--- What you are asked to do ---
The reply should hold only the lines below beginning at the one with "14k Gold Diamond" and ending at the one with "Thayer Clear Gray", copied exactly, with every picture left out.

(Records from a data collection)
━━━━━━━━━━━━━━━━━━━━

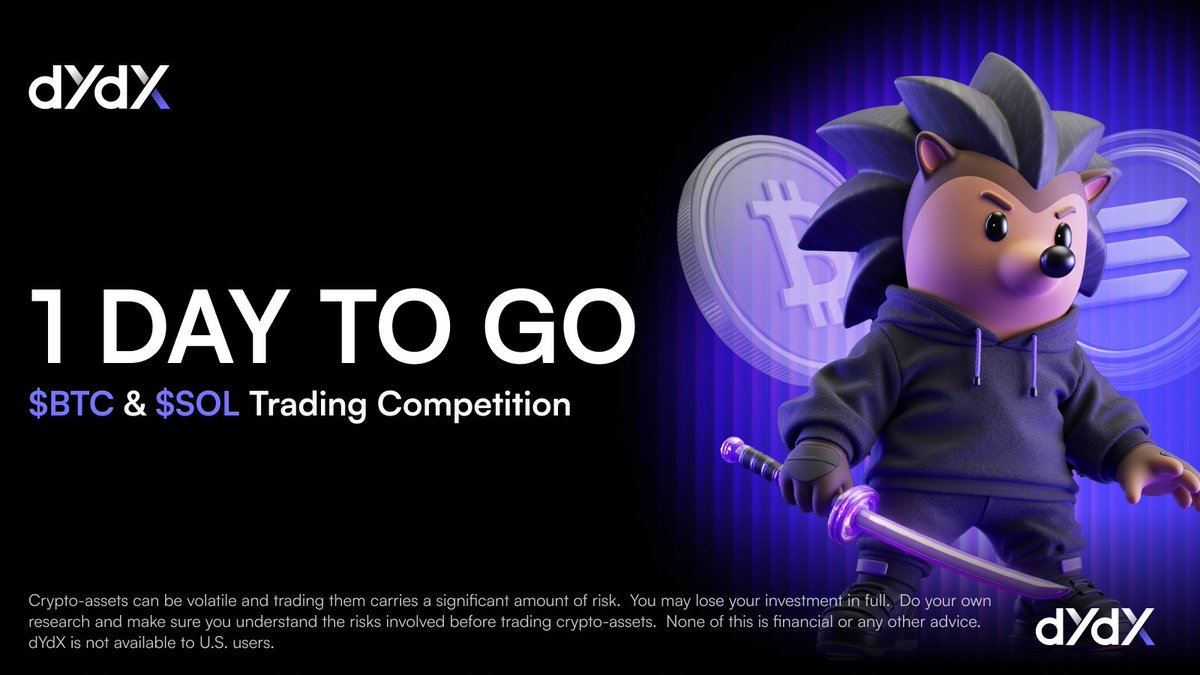 arcus_xyz's tweet photo. LAST DAY ⏰

Today is the final day to get involved in the $15,000 $BTC &amp; $SOL trading competition.

Don't forget there's also exclusive dYdX merch up for grabs by simply retweeting the post below &amp; following @dYdX 🫡 https://t.co/CYYCu74G0I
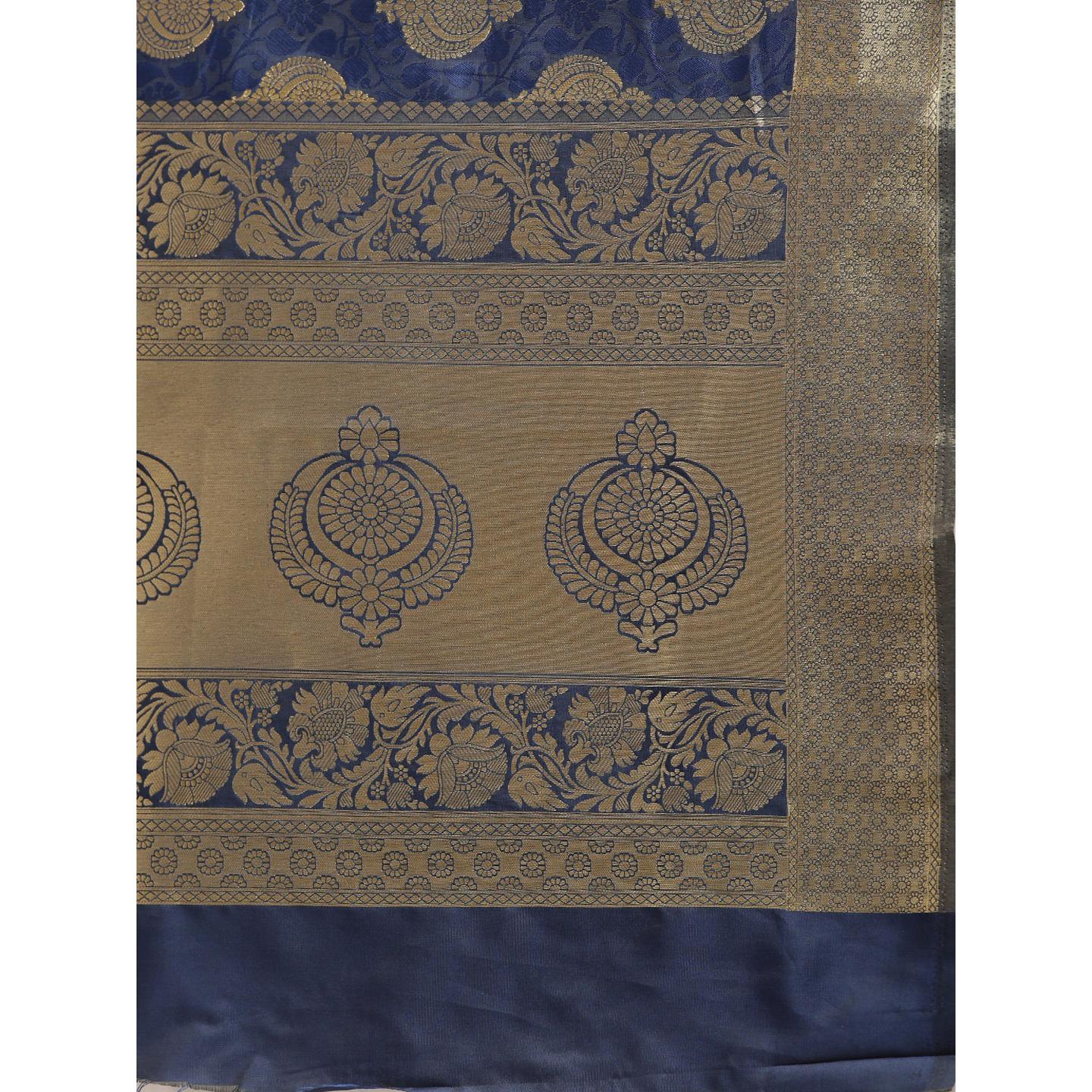 Blue Festive Wear Woven Kanjivaram Silk Saree - Peachmode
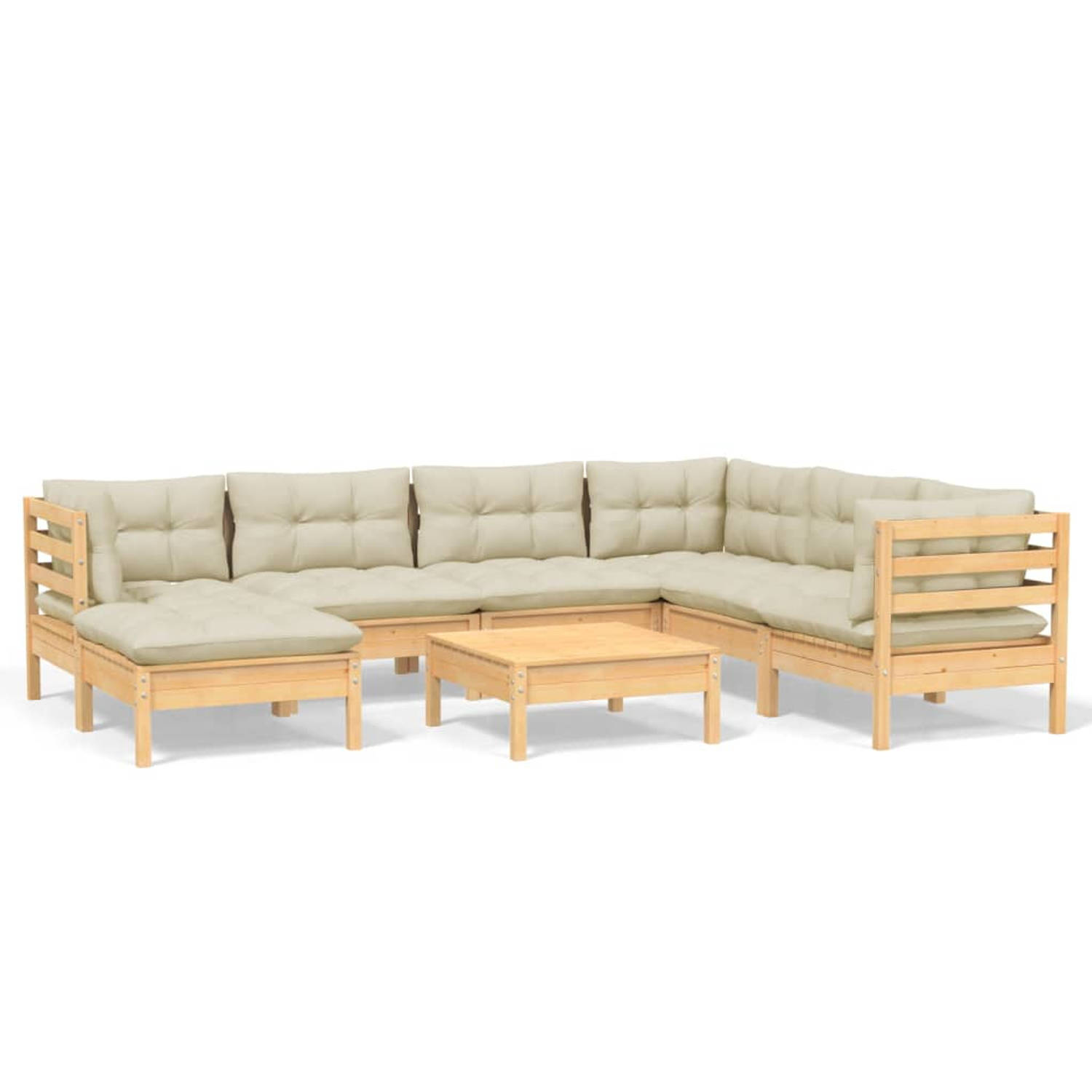 The Living Store Loungeset Grenenhout - Hoekbank + Middenbank + Voetenbank/Tafel - 63.5 x 63.5 x 62.5 cm - Crème Kussen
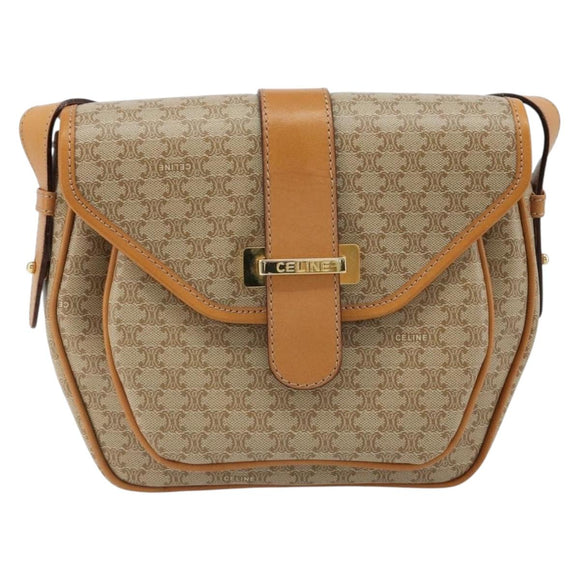 CELINE Macadam Canvas Shoulder Bag PVC Beige Gold Auth 185263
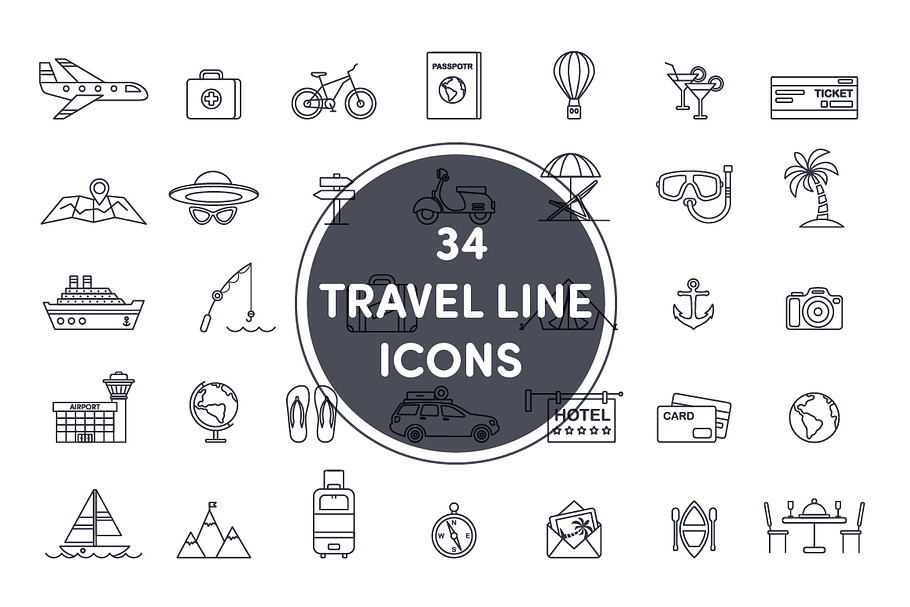  34 travel line icons  in Travel Icons - product preview 8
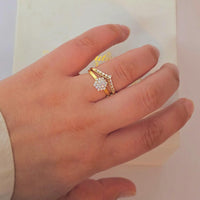 14k Gold Diamond Chevron Ring: Minimalist Stacking V Band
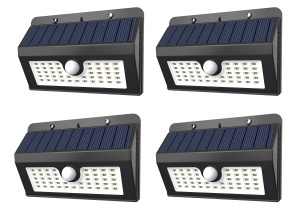 Set 4 lampi solare de perete 45 x LED, antisoc, senzor de miscare si lumina, 3 moduri de functionare K KATHODE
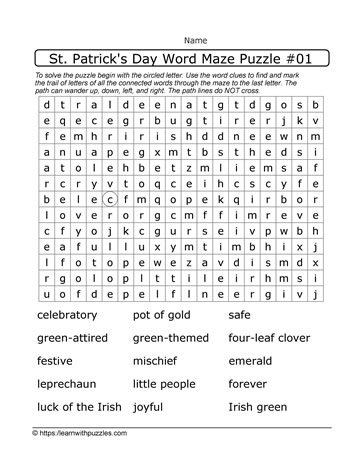 St. Patrick's Day Word Maze-01
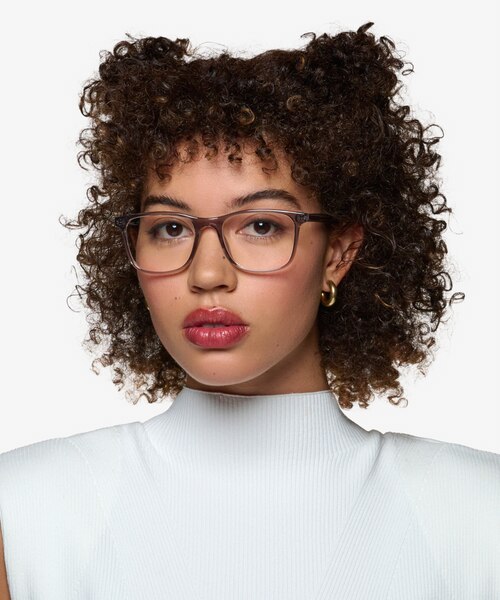 Thayer Clear Gray PlasticEyeglass Frames for Women from EyeBuyDirect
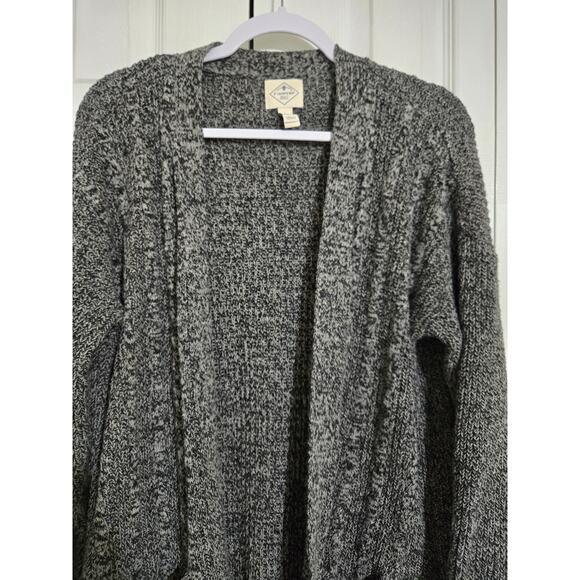 St John's bay large women's gray open front knit cardigan sweater - Picture 4 of 8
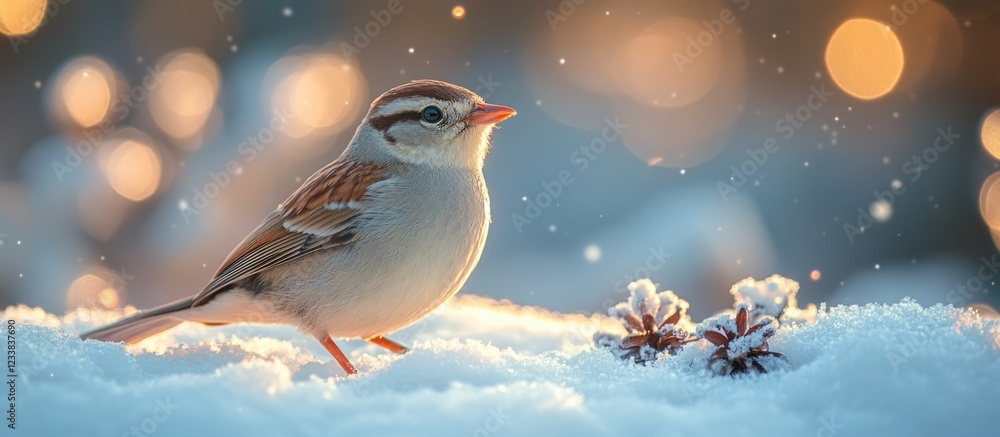 Poster winter bird on snow with bokeh lights and pine cones in soft focus and copy space for text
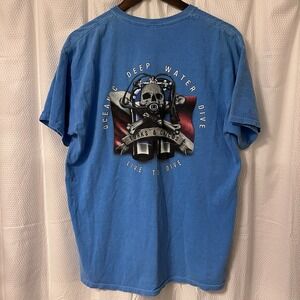 Turks & Caicos Blue 84 Brand Large Travel Island Vacation Money Dive Tee EC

━━━━━━━━━━━━━━━━━━━━

--- Response area ---
 14k Gold Diamond Chevron Ring: Minimalist Stacking V Band
 Set 4 lampi solare de perete 45 x LED, antisoc, senzor de miscare si lumina, 3 moduri de functionare K KATHODE
 St. Patrick's Day Word Maze-01
 Thayer Clear Gray PlasticEyeglass Frames for Women from EyeBuyDirect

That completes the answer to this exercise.